(Short web captions)
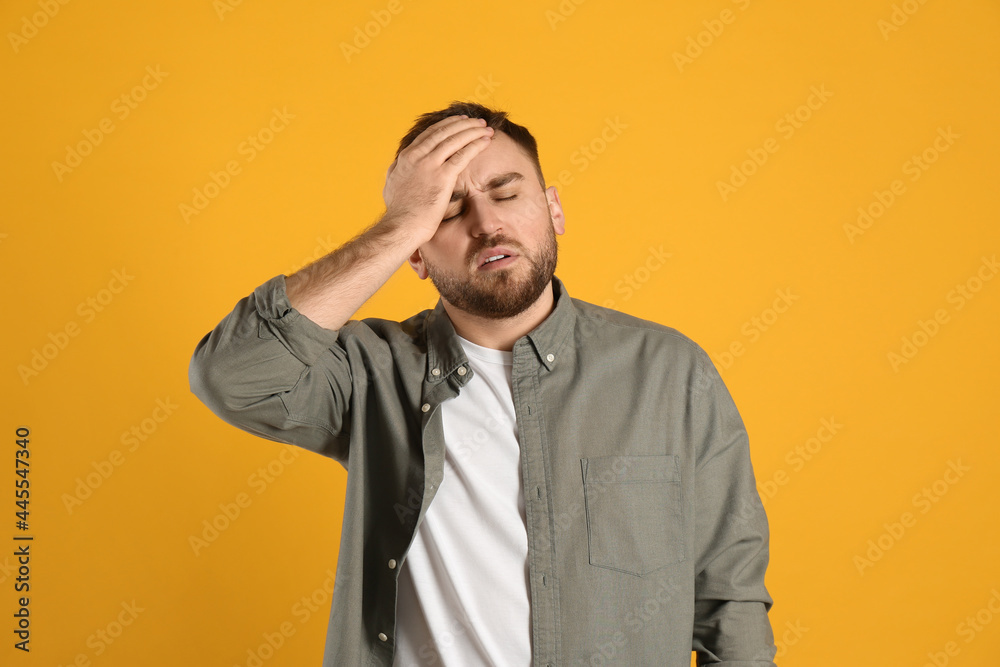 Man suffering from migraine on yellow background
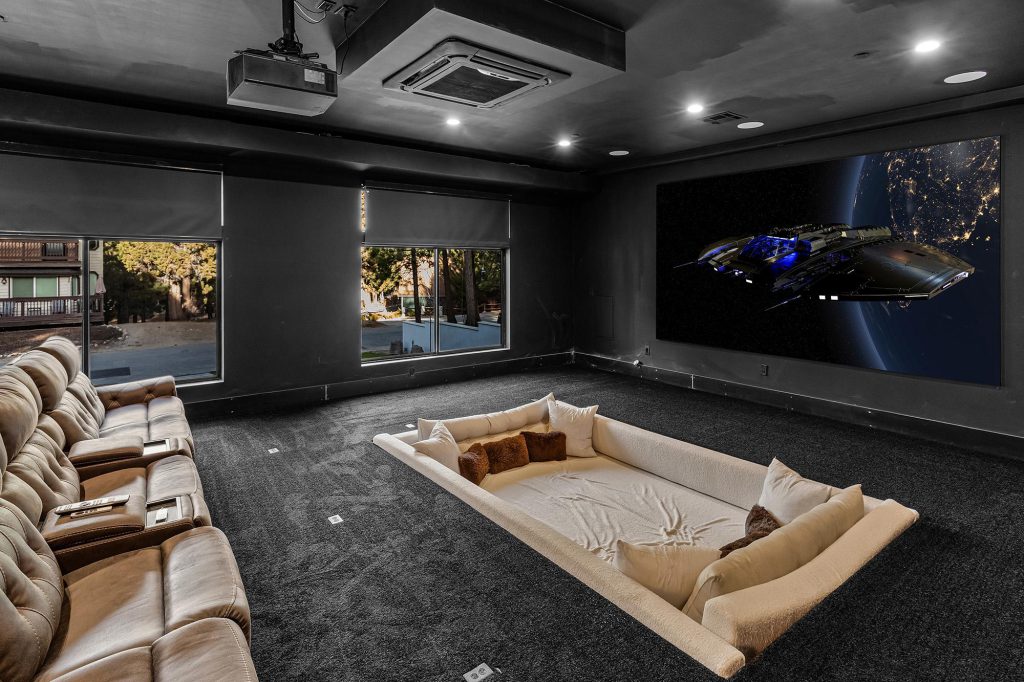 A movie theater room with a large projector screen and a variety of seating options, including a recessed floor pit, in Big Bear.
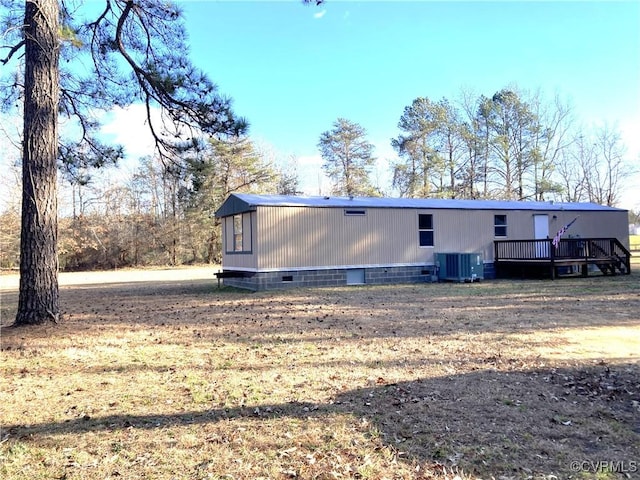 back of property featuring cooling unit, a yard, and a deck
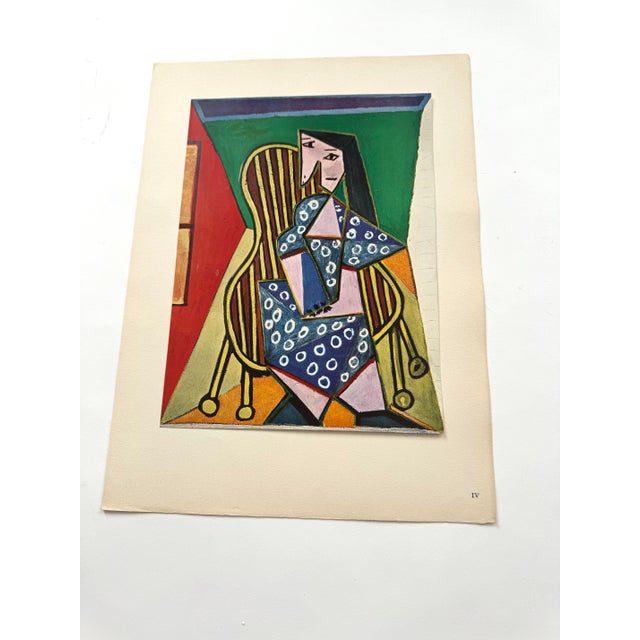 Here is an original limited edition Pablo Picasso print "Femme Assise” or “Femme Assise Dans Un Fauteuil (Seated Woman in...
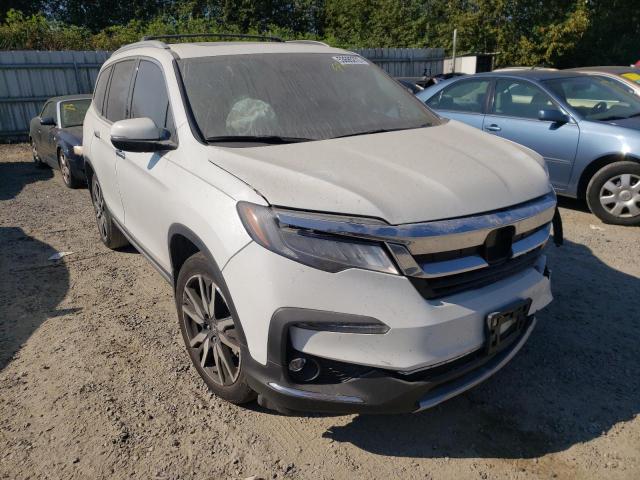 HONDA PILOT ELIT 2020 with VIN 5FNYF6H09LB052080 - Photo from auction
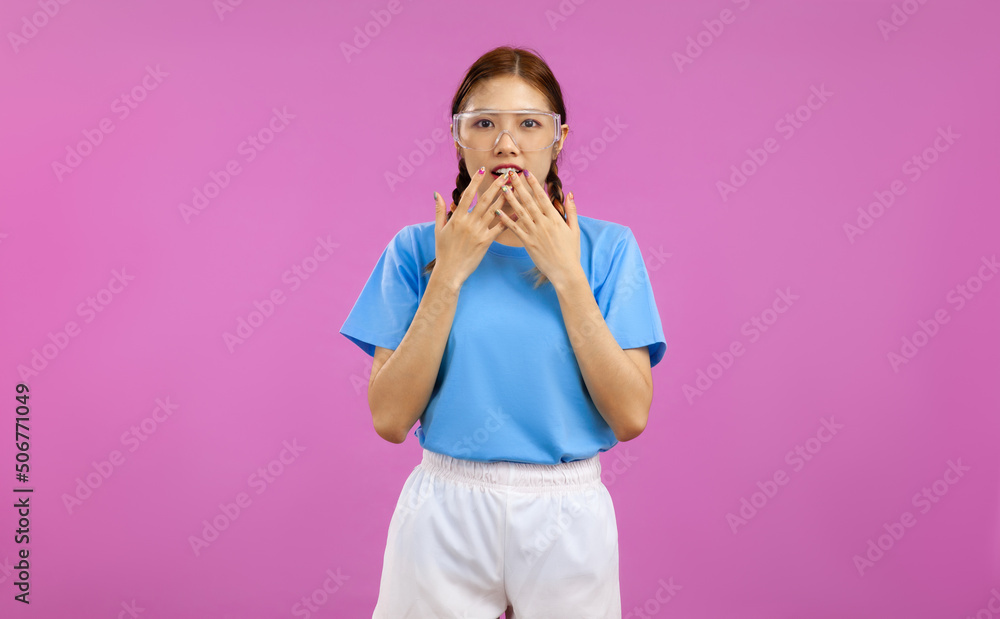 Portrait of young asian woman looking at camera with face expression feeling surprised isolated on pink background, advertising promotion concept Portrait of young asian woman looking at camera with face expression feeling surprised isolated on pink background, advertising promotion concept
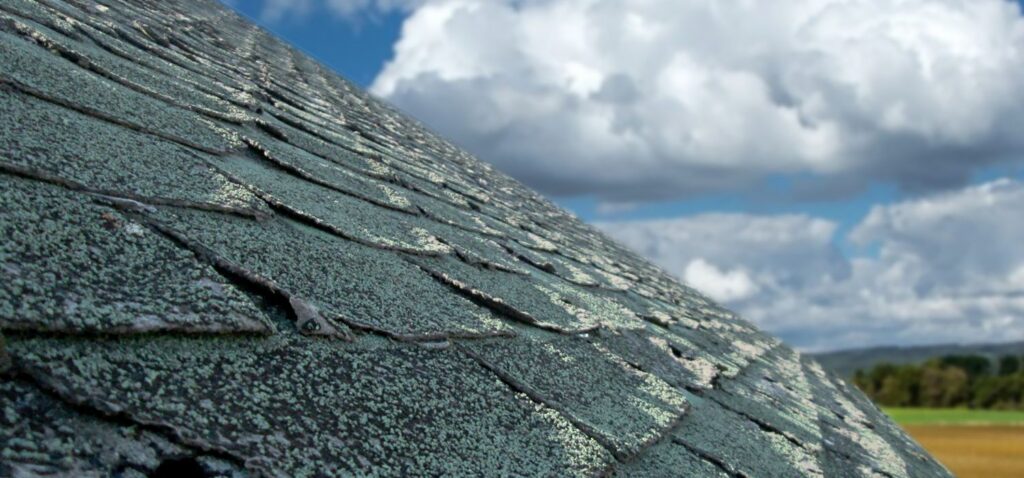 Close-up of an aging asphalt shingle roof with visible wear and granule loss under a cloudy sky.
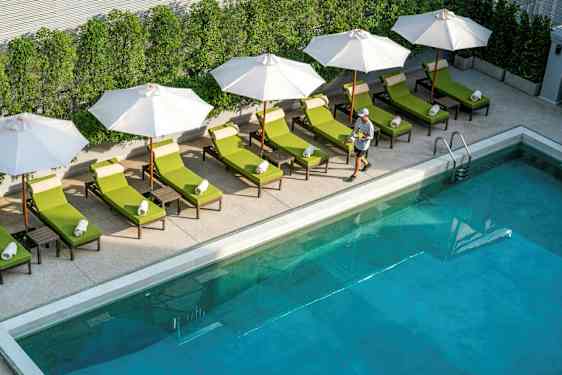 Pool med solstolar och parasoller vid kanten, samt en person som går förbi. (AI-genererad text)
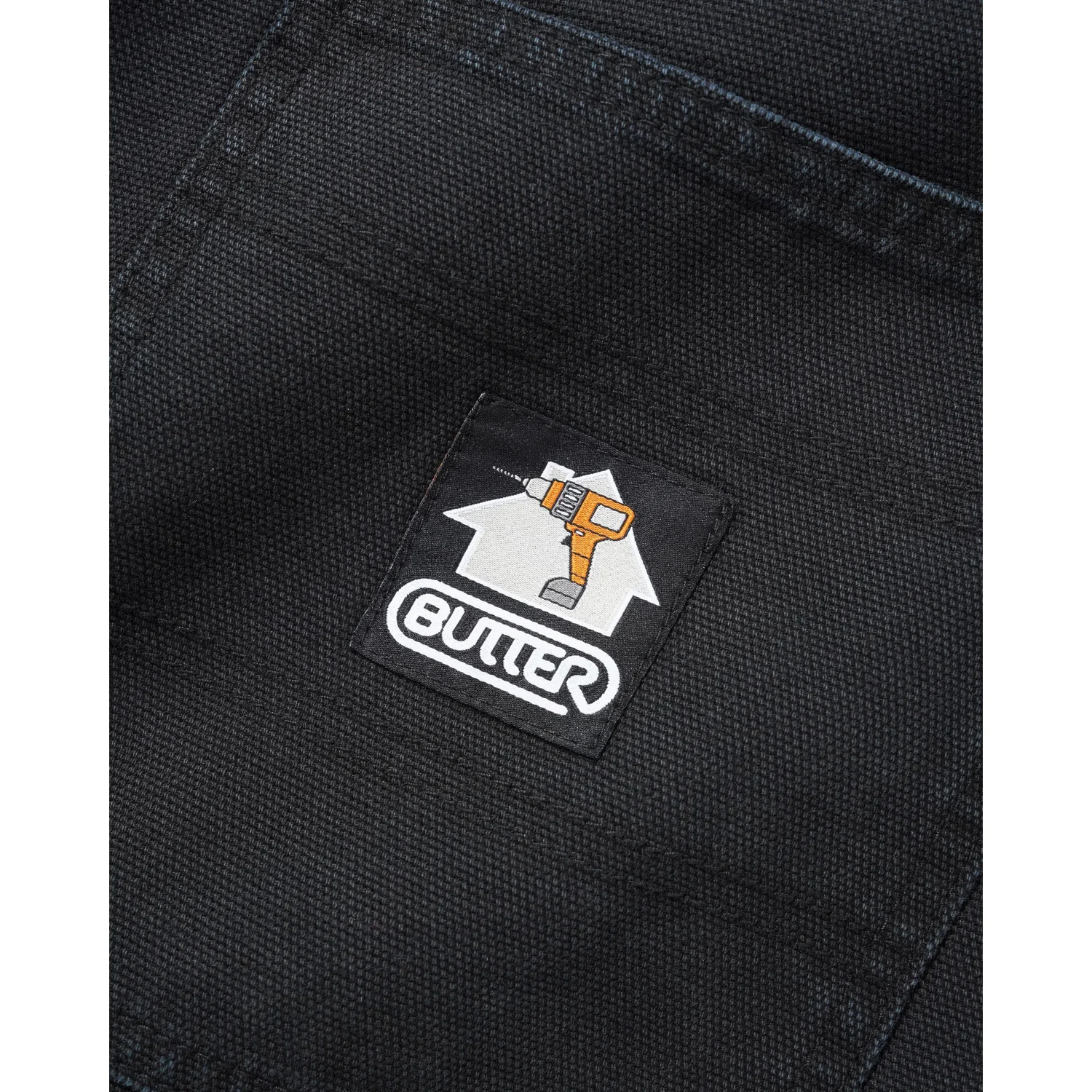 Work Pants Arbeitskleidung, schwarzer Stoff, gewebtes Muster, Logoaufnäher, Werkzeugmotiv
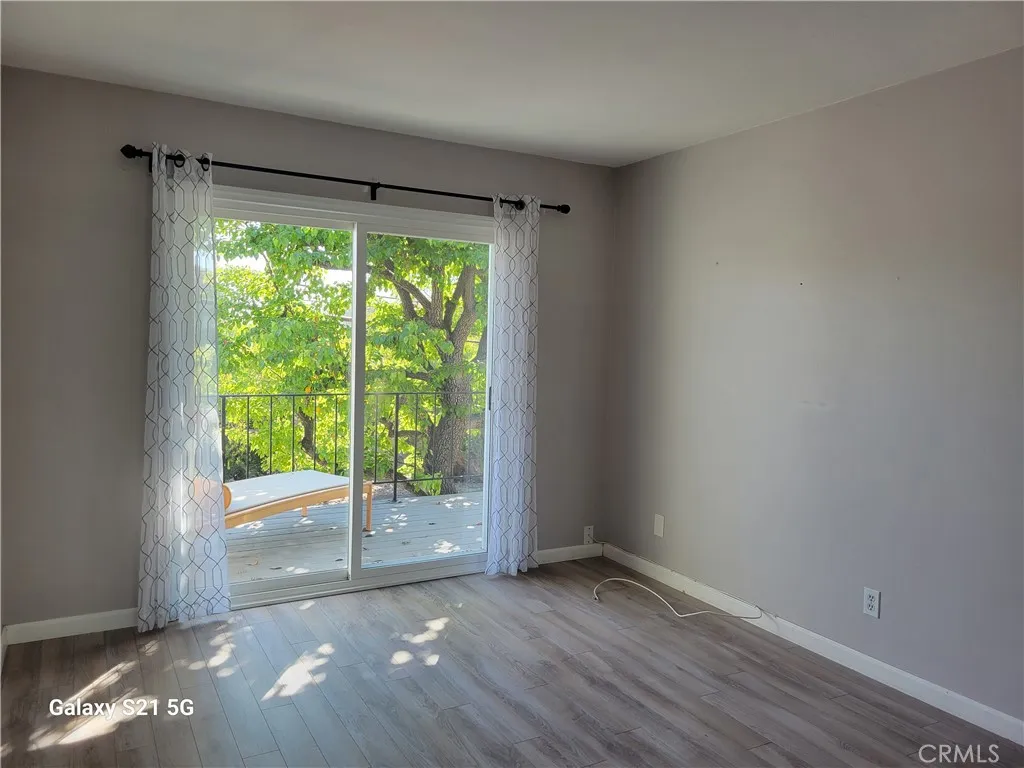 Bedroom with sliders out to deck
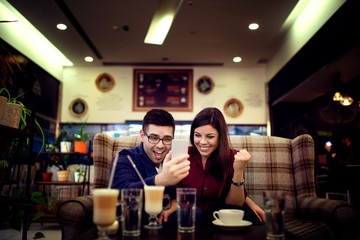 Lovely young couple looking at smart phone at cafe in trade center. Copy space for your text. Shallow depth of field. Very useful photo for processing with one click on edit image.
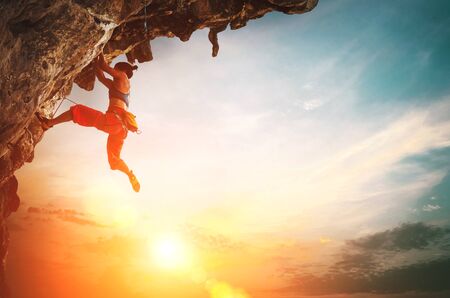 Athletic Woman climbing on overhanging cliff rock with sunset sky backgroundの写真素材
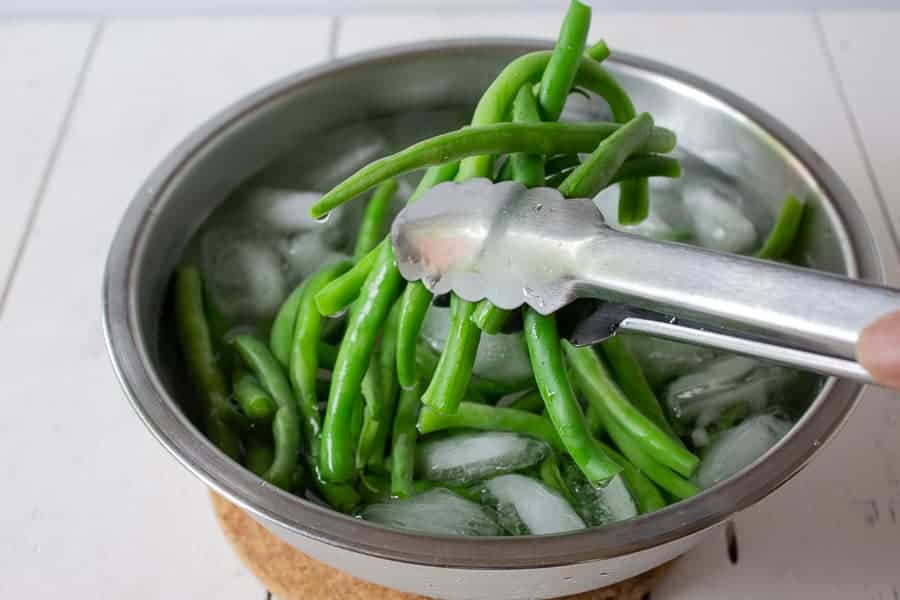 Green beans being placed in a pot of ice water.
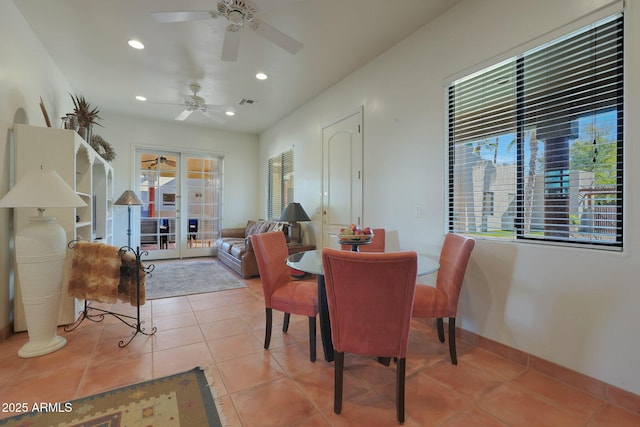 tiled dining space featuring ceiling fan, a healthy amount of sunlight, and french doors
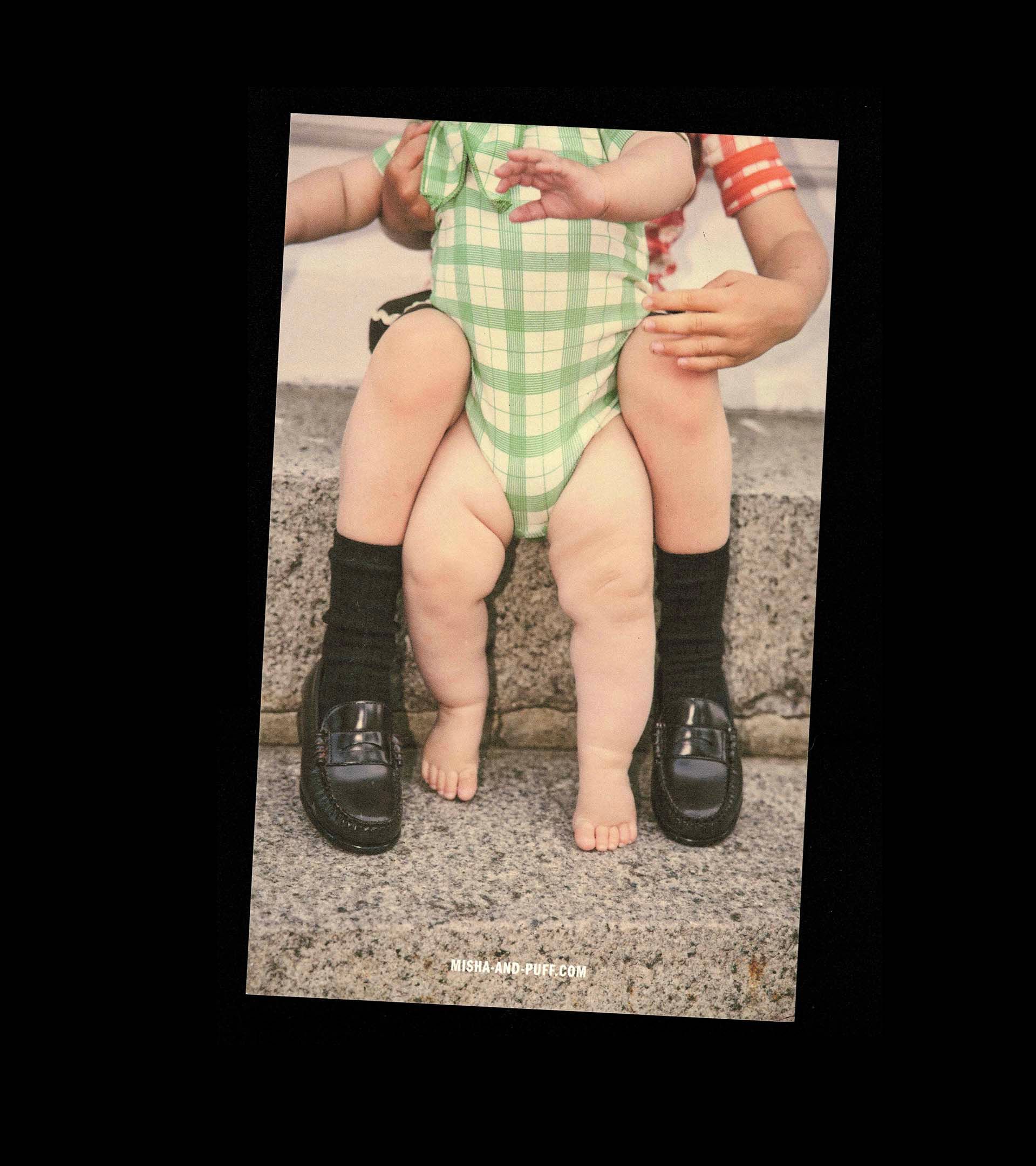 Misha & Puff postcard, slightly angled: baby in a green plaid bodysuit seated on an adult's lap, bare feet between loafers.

**Exercise prompt:** Your answer should consist solely of the lines from the one with "Work Pants Arbeitskleidung, schwarzer" through the last line of the entries, restated word for word, with the pictures omitted.

**Result of this task:**
 Work Pants Arbeitskleidung, schwarzer Stoff, gewebtes Muster, Logoaufnäher, Werkzeugmotiv
 Bedroom with sliders out to deck
 Lovely young couple looking at smart phone at cafe in trade center. Copy space for your text. Shallow depth of field. Very useful photo for processing with one click on edit image.
 Athletic Woman climbing on overhanging cliff rock with sunset sky backgroundの写真素材
 Green beans being placed in a pot of ice water.
 tiled dining space featuring ceiling fan, a healthy amount of sunlight, and french doors
 Misha & Puff postcard, slightly angled: baby in a green plaid bodysuit seated on an adult's lap, bare feet between loafers.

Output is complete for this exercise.